= William N. Stape =

American screenwriter

William N. Stape is an American screenwriter and magazine writer who wrote episodes of Star Trek: The Next Generation and Star Trek: Deep Space Nine.

==Early life==
Born in Jersey City, New Jersey, Stape lived with his family in Toms River before moving to Bayonne, where he attended Bayonne High School and has lived since he was 10 years old.

==Career==
Stape's first Star Trek episode work was a Star Trek: The Next Generation story called "Shadowdance", which involved the character Lt. Worf, and his adoptive brother, Nikolai Rozhenko. It eventually became the seventh-season episode "Homeward", which aired in January 1994. His next Trek story was for the spinoff Star Trek: Deep Space Nine. The story, called "Charity", involved the character Quark. It became the third-season episode "Prophet Motive", which aired in February 1995.

In 2007, Stape wrote an article criticizing the writing abilities of former Star Trek television and movie producer Rick Berman. Stape pointed out that Berman wrote more Star Trek: Enterprise episodes than he did any other Star Trek television series, and Enterprise remains the most critically lambasted incarnation of Star Trek.
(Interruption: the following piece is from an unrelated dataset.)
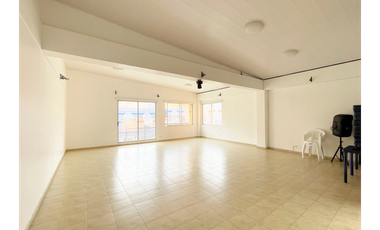 ACSI 762A  Apartamento en arriendo en Mosquera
Stape wasn't alone in going public with criticism of Berman, David Weddle, who wrote for Star Trek: Deep Space Nine as a staff writer and producer, also has been critical of Berman's handling of the Star Trek franchise.

In 2015, publisher Bearmanor Media released Stape's first book, Star Trek Sex: Analyzing The Most Sexually Charged Episodes Of The Original Series.